**** DATA LISTING

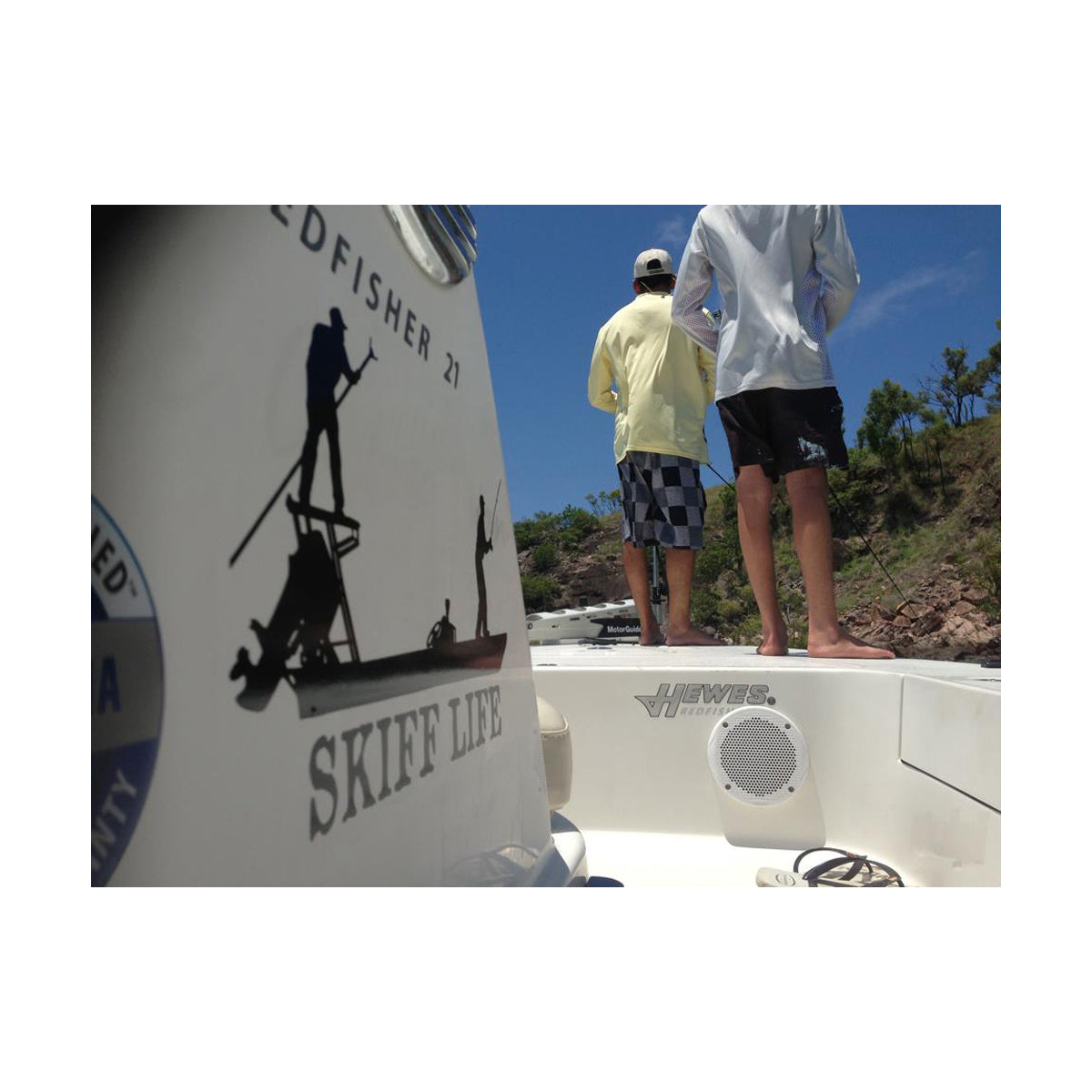 Skiff Life Poling Skiff Boat, Flats Fishing Decals Stickers - Skiff Life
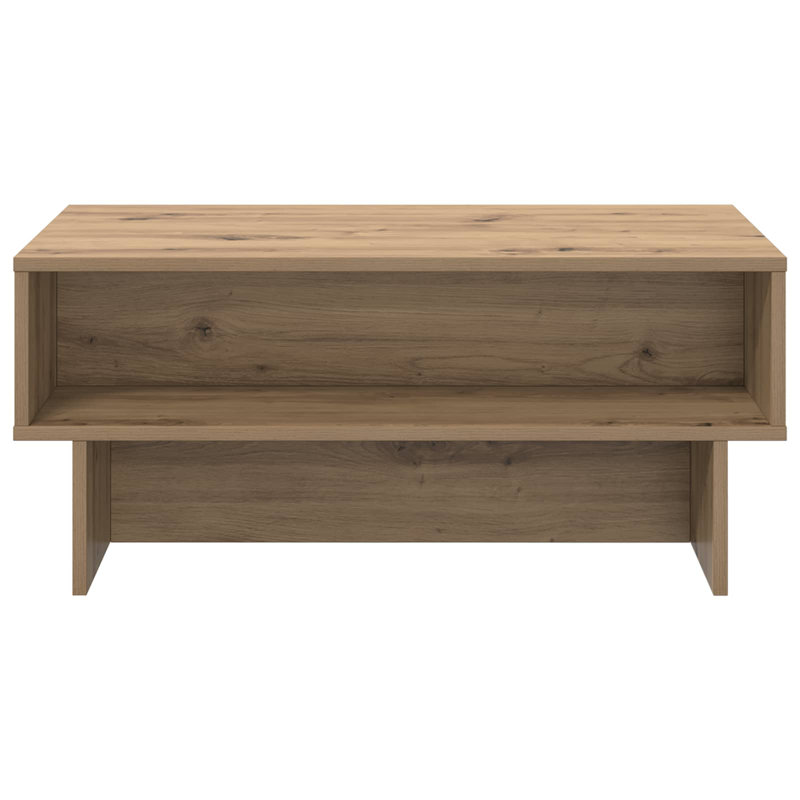 Coffee Table with Storage, 35cm. H x 80cm. L x 46cm. W, Artisan Oak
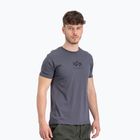 Alpha Industries мъжка тениска Basic Mid Logo greylack/black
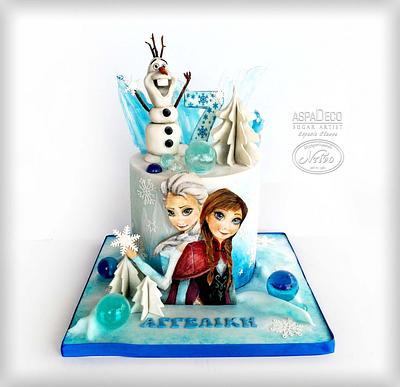 "Frozen" - Cake by Aspasia Stamou
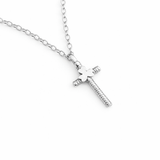 Martina Hamilton Shamrock | Sterling Silver Simple Cross Pendant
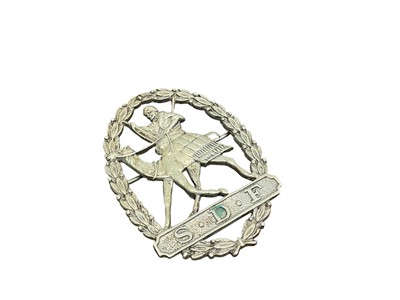 Lot 750 - Very Scarce silver Sudanese Defence Force silver badge (Birmingham 1930), maker William James Dingley, 5.5cm in length.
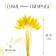 Sukhotzet "Lagurus", set of 30 pcs., Yellow color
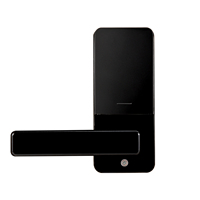 Cerradura de manija de cilindro inteligente conectada a la aplicación TTLock, entrada de código de contraseña de huella dactilar, cerrojo para puerta de aluminio, seguridad, dormitorio, Oficina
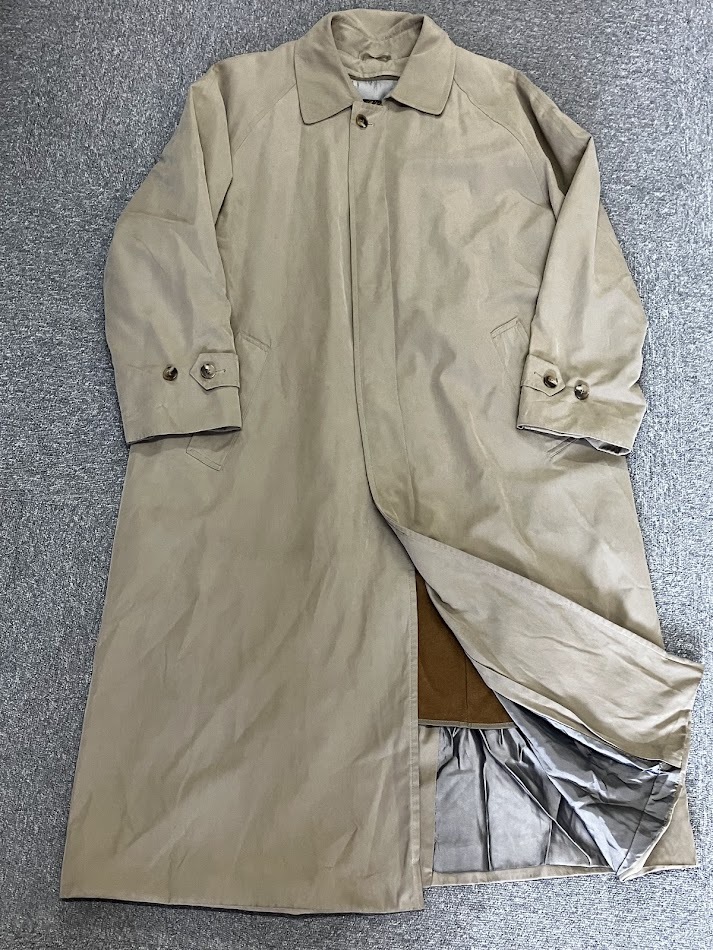 【希少】VINTAGE 　BROOKS BROTHERS MADE IN USA ステンカラーコート　LOT 468BL 4４XL ヴィンテージ 古着★1491管理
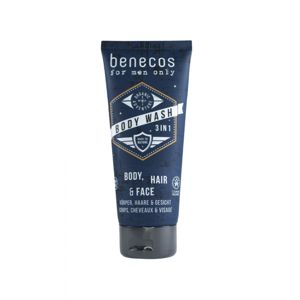 Benecos sprchový gél pre mužov 3 v 1, 200 ml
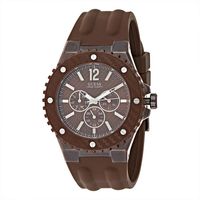 Horlogeband Guess W11619G3 Rubber Bruin 14mm Horlogeband Guess W11619G3 Rubber Bruin 14mm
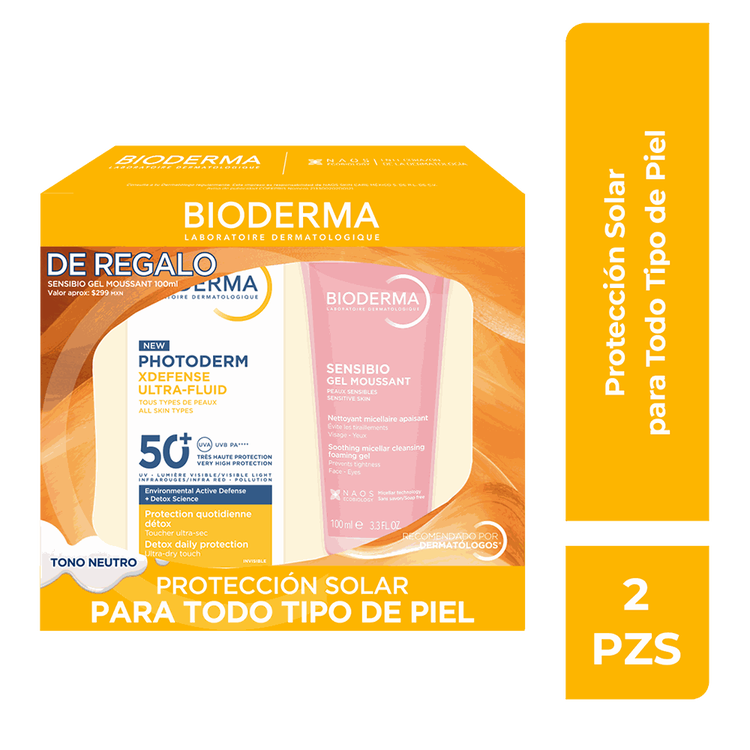 Photoderm Xdefense - Protector Solar Facial Photoderm Neutro + Sensibio Gel moussant, para todo tipo de piel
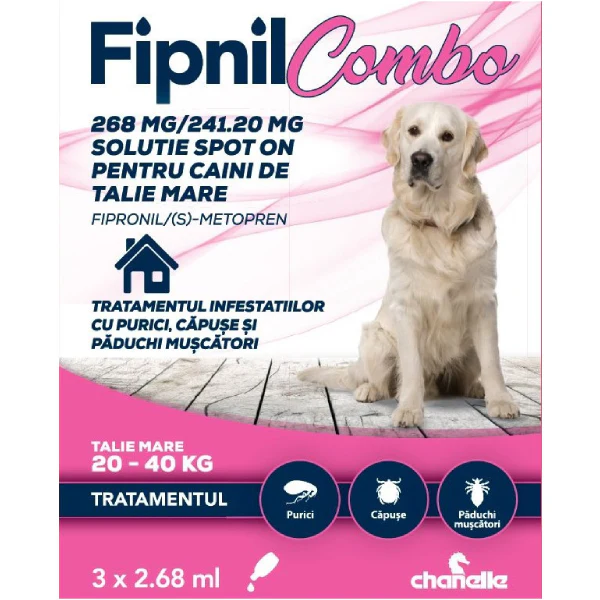 Fipnil Combo Dog L (20-40 kg) - 3 pipete [1]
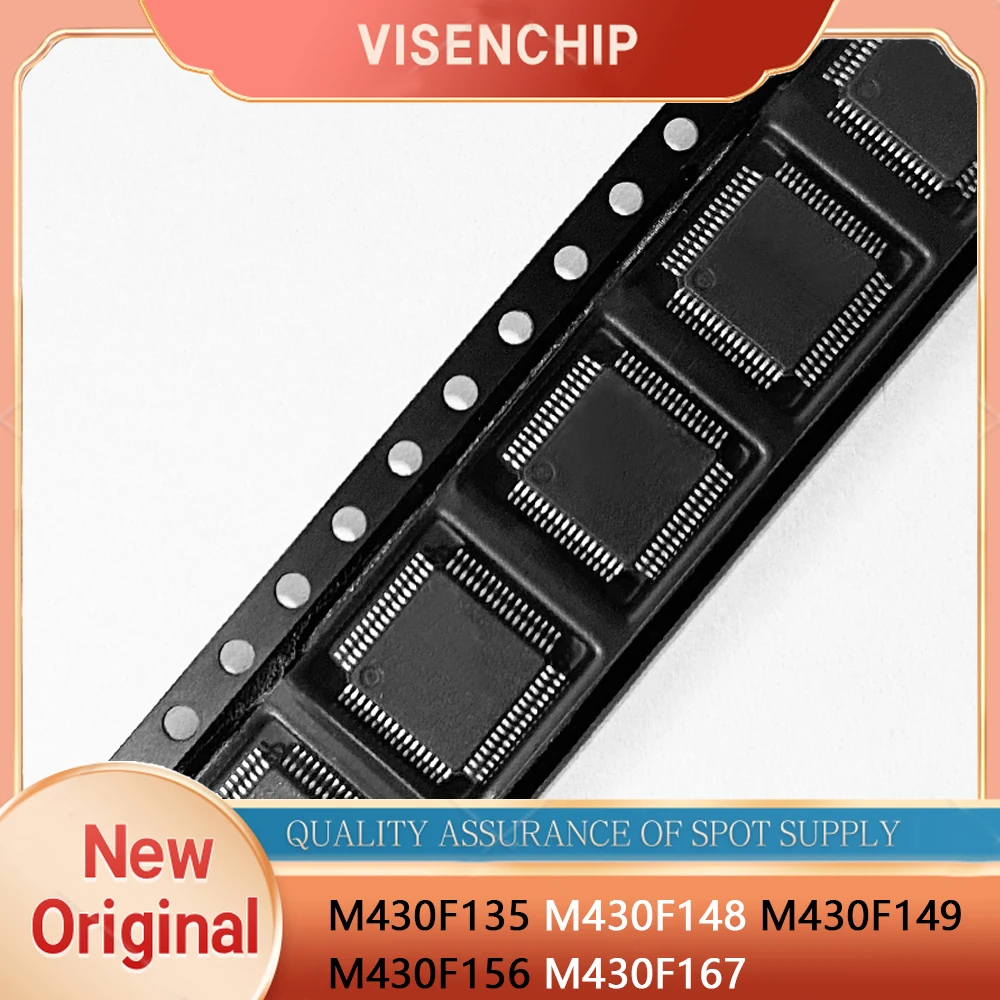 2pieces M430F135 M430F148 M430F149 M430F156 M430F167 MSP430F135IPMR MSP430F148IPMR MSP430F149IPMR MSP430F156IPMR MSP430F167IPMR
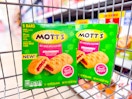 Two boxes of Motta filled snack bars in Walmart shopping cart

********

- _INSTRUCTIONS TO FOLLOW_
Print the data above exactly, from its first line to the line bearing "Martina Hamilton Shamrock" inclusive, and keep pictures out of the result.

- _RESPONSE_
 Skiff Life Poling Skiff Boat, Flats Fishing Decals Stickers - Skiff Life
 Coffee Table with Storage, 35cm. H x 80cm. L x 46cm. W, Artisan Oak
 Alpha Industries мъжка тениска Basic Mid Logo greylack/black
 "Frozen" - Cake by Aspasia Stamou
 Martina Hamilton Shamrock | Sterling Silver Simple Cross Pendant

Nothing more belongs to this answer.